McBride tried to think what he should do. There was no sense in going back to his room in Venice. By the time he got there they would probably be waiting for him — either the cops or some of Solly’s boys, some he hadn’t even met yet. He tried to look down at his clothes to see how presentable he was, but it was far too dark. He knew, however, that the white duck pants were soiled and stained and that the blue T-shirt wasn’t in much better shape. Then too, he was probably scratched and bruised all over from where he had fallen. If he walked into a motel with no car, they would take just one look and call the cops.

McBride tried to think his way out of his predicament — logically at first, but he was really no problem solver, and dimly he realized this. So he rose and dusted the sand off the seat of his pants and headed north almost intuitively toward someone another mile or so up the beach who was smarter than he and who might have some ideas. He headed toward Quincy Durant.

Durant was seated on the couch in the living room, a secretary’s spiral notebook in his lap, and on the record player the Cleveland Quartet was doing extremely well with Mozart’s Adagio and Fugue in C Minor (K. 546). Durant started when over the Mozart he heard the clump of McBride’s leather-heeled loafers on the flight of wooden steps that led up from the beach. But because there was so much noise Durant relaxed as he realized that someone was trying to announce himself.

He glanced at what he had written in the notebook. There was a heading in printed, almost architectural lettering that read, SILK ARMITAGE. After that there were four paragraphs of no more than three lines each, all of them numbered. When he heard the steps on the stairs, Durant had just written number five. He closed the notebook, tucked it away out of sight under the cushion on the couch, rose, and went over to the sliding glass door. He switched on the outdoor light and slid the door open just as McBride reached the top of the stairs.

McBride stopped and grinned weakly. “How’re ya?” he said.

Durant examined him. “Well, I’d say I’m just one hell of a lot better off than you are.”

McBride nodded wearily, suddenly realizing how tired he was. “Yeah,” he said. “Can I come in?”

“Sure.”

Durant stepped back to let McBride in. Once inside the living room McBride stood for a moment, quite still. He closed his eyes, swayed a little, and then opened them. “That music,” he said. “That’s nice. Classical, isn’t it?”
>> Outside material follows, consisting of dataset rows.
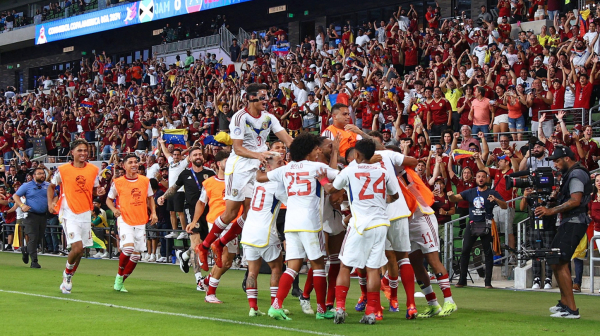 I dalje živi san o Mundijalu za Venecuelu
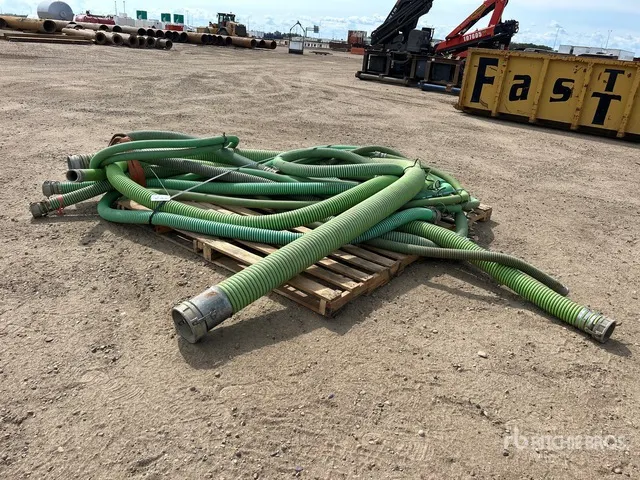 Quantity of Suction Hose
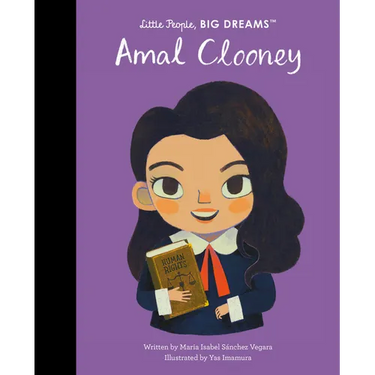 Amal Clooney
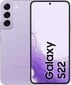 Samsung Galaxy S22 5G 8/128GB SM-S901BLVDEUB Purple цена и информация | Telefonid | kaup24.ee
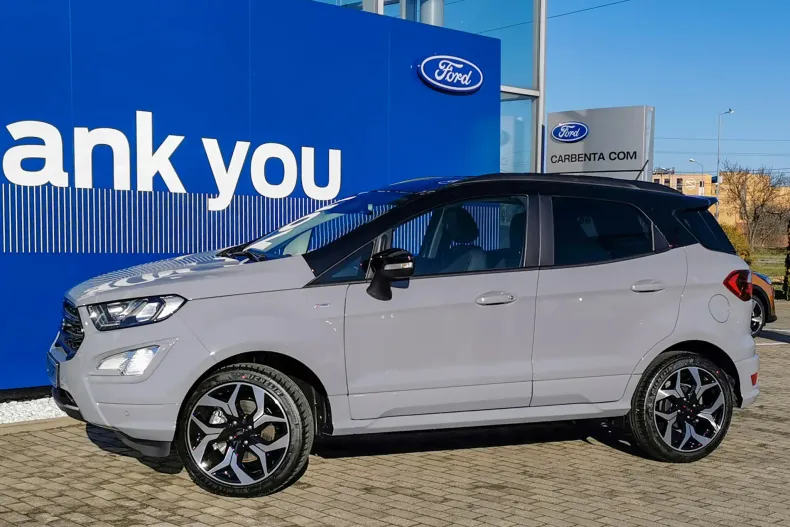 Ford EcoSport din 2023 cu 1 km - oferta FOR148261 - foto 4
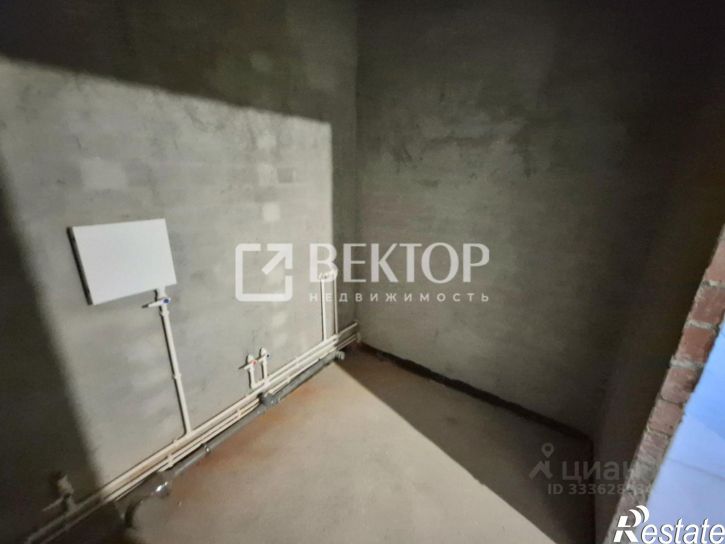 1-комн квартира Радиозаводская улица, 54,  д. 54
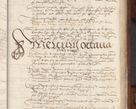 Zdjęcie nr 219 dla obiektu archiwalnego: [Acta pronuntiationum officialia coram Valentino de Ilkusch]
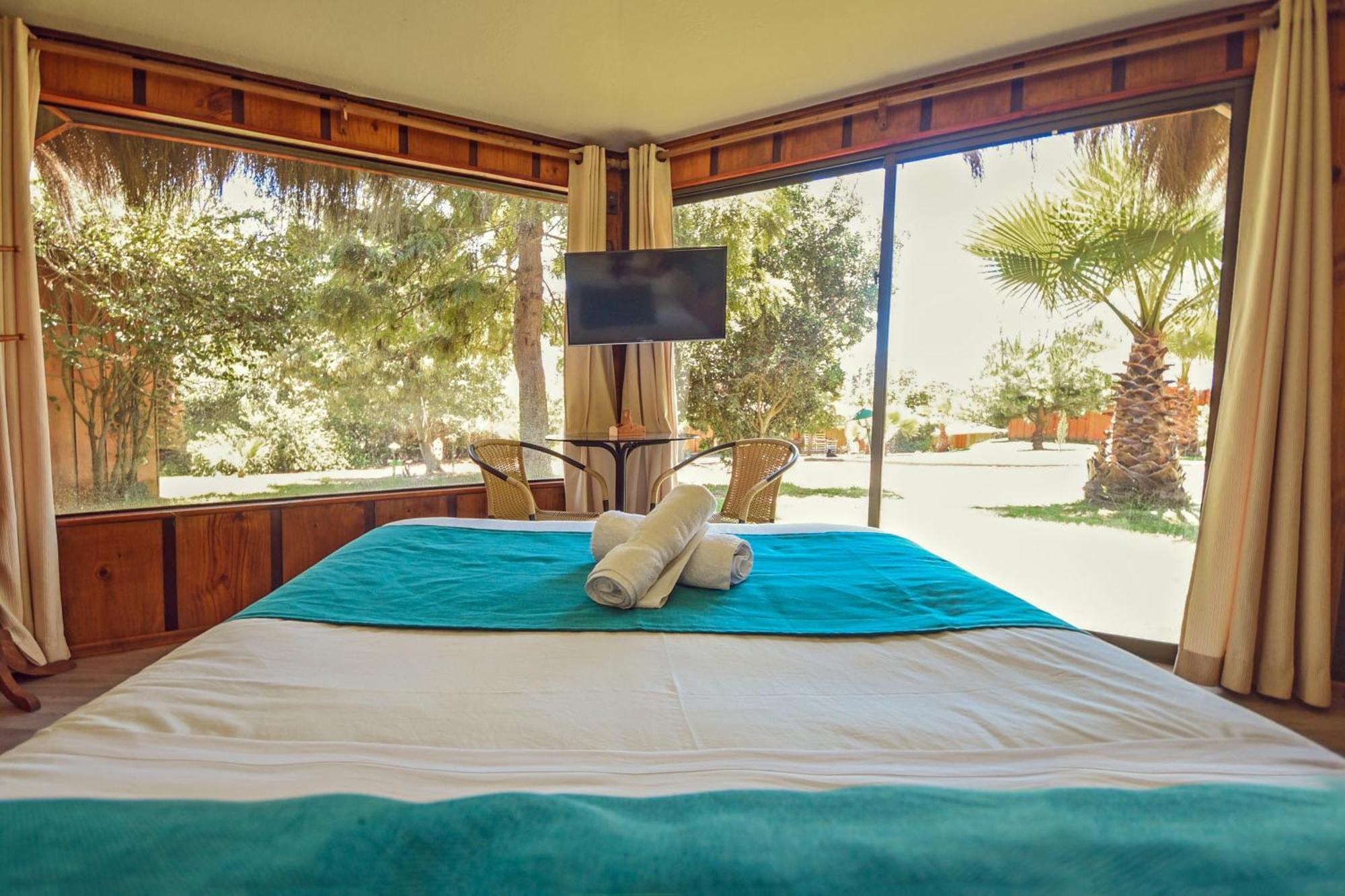 Pao Pao Lodge Algarrobo Quarto foto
“Uh-huh,” Durant said. “Classical. Try that one over there,” he said, indicting the Eames chair. “If you bleed on it, the blood’ll come off the leather.”

“Am I bleeding?”

“Not much.”

“I didn’t know I was bleeding.”

“You’ve got a couple of deep scratches up here,” Durant said, touching his own left temple.

McBride, accustomed, as is everyone, to a mirror image, touched his own temple, but the right one. Then he remembered and touched the blood that was trickling down from the two inch-long scratches that were almost gashes along the side of his left temple. He looked at the blood his fingertips and said, “Huh.” Then he sat down on the chair.

“What do you want,” Durant said, “Scotch or bourbon?”

“Gin,” McBride said. “You got gin?”

“I’ve got gin,” Durant said. He turned and went into the kitchen, reached up and opened the cabinet above the refrigerator, and took down the still unopened bottle of Tanqueray gin. He also took down the bottle of Scotch.

“Straight?” he called to McBride.

“Yeah. Straight.”

Durant found a couple of tumblers, put some ice into one of them, and poured a measure of Scotch into it, adding some water from the tap. Then he opened the bottle of gin and poured almost three ounces by guess into the other tumbler. He put the bottles back, picked up the glasses, and went back into the living room.